Amnistía para normalizar
Aunque el presidente lo repita, la ley no ha tenido como punto de partida ni tendrá como punto de llegada la reconciliación. No hace falta mixtificar más las palabras
El origen de la tramitación de la ley de amnistía fue descaradamente interesado. Por ello su fundamentación cívica falla. Aunque el presidente lo repita, la ley no ha tenido como punto de partida ni tendrá como punto de llegada la reconciliación. No hace falta mixtificar más las palabras. Aunque por su parte los partidos independentistas repitan que la próxima estación será la autodeterminación, ellos saben, porque lo dicen las encuestas y los resultados electorales, que hoy en día la independencia está en vía muerta y cada vez hay menos catalanes subidos a ese tren, porque todos somos conscientes de lo costoso que resultó ese viaje a ninguna parte. No hace falta engañar más al personal.
El partido que ha sufrido mayor desgaste por la tramitación de la ley es el PSOE. Lógico. Había negado su constitucionalidad, nadie imaginó que la impulsaría y ha transcurrido más de medio año y aún no ha elaborado un argumento sólido que legitime el cambio de posición entre el grueso de su electorado. Pero la normalización política, que ya formó parte de las negociaciones de la moción de censura de 2018, sí ha sido una línea de los gobiernos de Pedro Sánchez, encaminada, con mayor o menor fortuna, a la desjudicialización del procés. Ha sido una línea relevante, pero no será la política principal de la obra de gobierno del sanchismo. En cambio, para el partido de Carles Puigdemont, que se autodefinía como un movimiento de liberación nacional, su principal estrategia sí era la perpetuación del conflicto con el Estado. También con el Ejecutivo. Esa estrategia la quiebra la amnistía.
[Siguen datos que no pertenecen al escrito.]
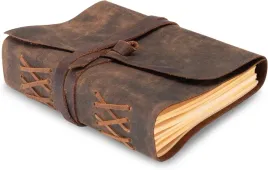 skorzany-pamietnik-18-x-13cm-dziennik-skora-vintage-notes-planer-400-stron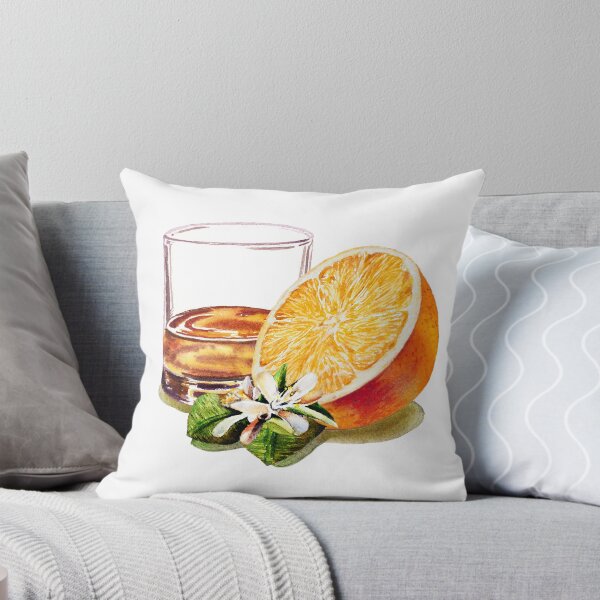 Item preview, Whiskey Orange designed and sold by Irina Sztukowski.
Al ser plenamente conscientes de ello, tensan y mantienen una actitud provocadora en las declaraciones y en las votaciones en el Congreso. No pueden actuar de otra manera: su giro arriesga la preservación de su espacio electoral. Un espacio que en su origen era el ordenado centroderecha nacionalista, pero que durante el procés mutó por la épica emocional. El personaje Puigdemont logró encarnar esa épica, desde el momento que se marchó para no ser juzgado en España y se rebeló como un pícaro que en el resto de Europa quedaba impune de la persecución obsesiva de la alta judicatura española. Pero su cambio lo está desgastando ya. “Te respeté, y mucho, creí en ti. Pero ahora te digo: nunca olvidaré tu traición al pueblo. Y no tienes suficiente con rendirte, sino que, encima, nos tomas por imbéciles. Nunca más te votaré”. Es el primer comentario, y muy celebrado, que leo a su declaración sobre el acuerdo alcanzado el jueves. No es el único.
El propósito de la amnistía no es moral, como nos gustaría que fuese por su trascendente dimensión simbólica, sino político: se trata de poder echar al olvido la peor crisis institucional que ha sufrido la España democrática borrando todas las causas vinculadas a la conjura de los irresponsables que fue el procés y que han afectado únicamente a quienes fueron derrotados. Y si no embarranca por la potente ofensiva en su contra, y los intereses asociados a ella, sus consecuencias serán también políticas. Ahora que parece más que probable que la ley sea aprobada, aunque con una mayoría parlamentaria tan precaria, su mejor resultado sería la consolidación de la normalidad política en Cataluña y de los partidos catalanes en las Cortes, una normalidad que seguiría en suspenso mientras algunos de los líderes de Junts y Esquerra, y muchos de sus cargos, estén amenazados por largos procesos que podrían acabar en años de cárcel. Para eso servirá. Para olvidar. Para que se liberen al aceptar, sin que se note el cuidado, las reglas de juego del marco constitucional. También para que el PP pueda pactar en el futuro con la nueva Convergència.